Tuesday, 14 July 2020

Hamlet

Okay it's cheating I know but I read all the subtitles so it kind of counts, even though it's in screen video/sound format - but it's worth it for one of the greatest plays in Western Literary history. My revisitation of the Great Danish play was undertaken for personal reasons, but it has helped me navigate the wider world in doing so since; also, for Yorick, Horatio and the others who, having dispensed such Excellent Catholic wisdoms - were thus also themselves confounded to the dust of memory, in time, in blood, and sometimes ink? A story so timelessly human that nearly five centuries later lions reenacting its basic gist remains one of the strongest unchallenged franchise boons in Disney's cupboards.

Saturday, 11 July 2020

Five Minute's Peace

This book, another by Jill Murphy of the Large family series (see also); its focus is more on the desperate multitasking goddesslike Organisational Efforts of Mrs Large to keep all her children satisfied and safe while keeping the House in Order - all before Mr Large gets back from work!
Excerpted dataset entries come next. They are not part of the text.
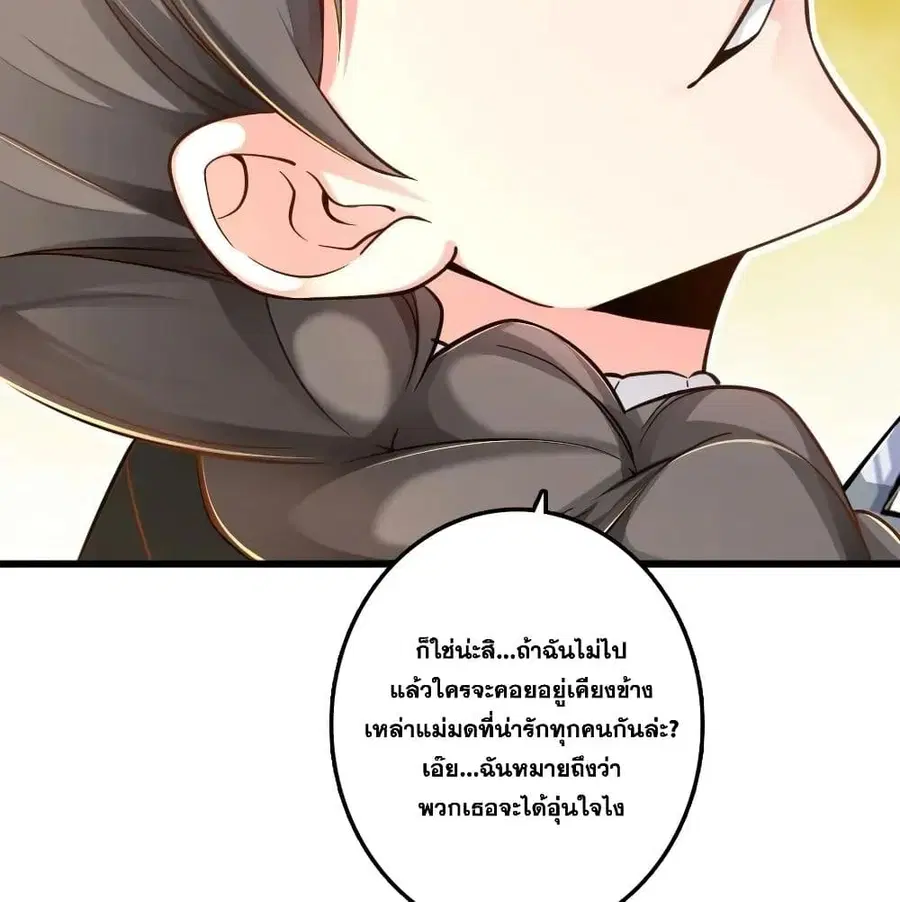 Release That Witch ตอนที่ 171 หน้า 84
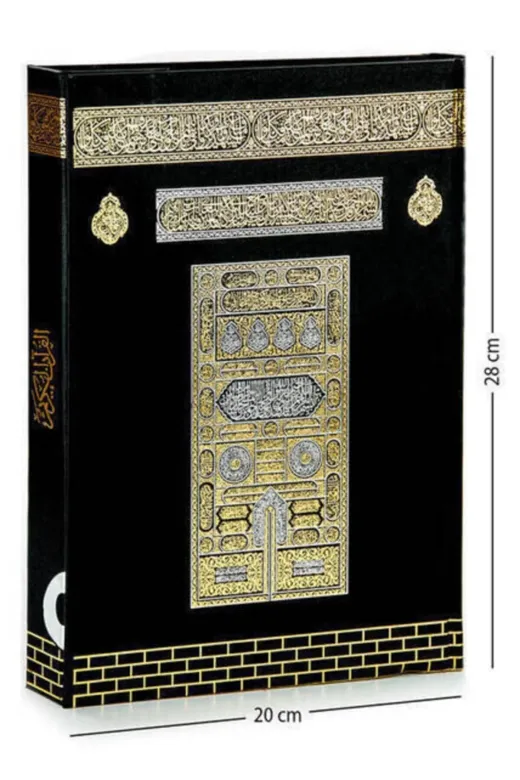 Seda Yayınları 278270 Kur'an-I Kerim Rahle Boy  Bilgisayar Hatlı Kod: 017  Diyanet Komisyon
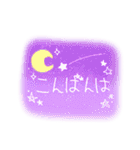 星空☆カラフル☆日常ことば☆（個別スタンプ：10）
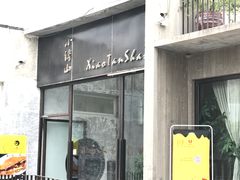 门面-谭记旺品(小谭山店)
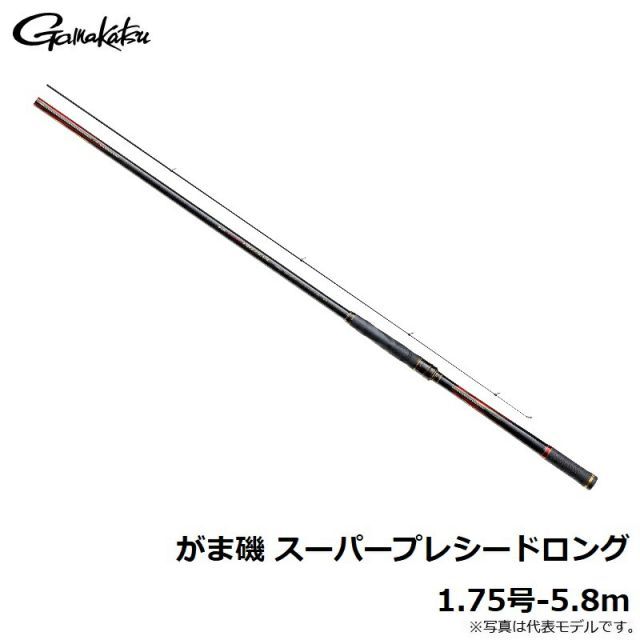 がま磯 スーパープレシード 1.5号 5.0m – フィッシングマックス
I was fairly critical of the series as a whole last post but on reflection I think it's a great way of drip-feeding small children the ideas of respecting their parents' authoritative needs and commands as Elder Beings; that is what parenthood is for is it not and children learn the ropes from the bottom up!
   And this series about elephants is likely a good one for building strong early-childhood reading foundations if you want them to not be whiny needy little trunk-nosed shits when they hit puberty.

Friday, 10 July 2020

"My Book about Me"

This book - if you haven't heard of Roger Hargreaves's maddeningly-long & samey series of children's books by this point then Google help you; is, quite simply put, an absolute masterwork of metacommentary-breaking genre-bending Fourth Wall Throat Grabbage, as Roger - wearing Mr Silly's hat* - writes a very circularly silly book about Mr Silly trying to get his friends to be included in his book, as without them he is nothing.
   A quite delicate and juicy bud-nipper for childhood solipsisms as readers; without which adolescent trains of readership can turn nihilistic corners - or so has been my experience, at least.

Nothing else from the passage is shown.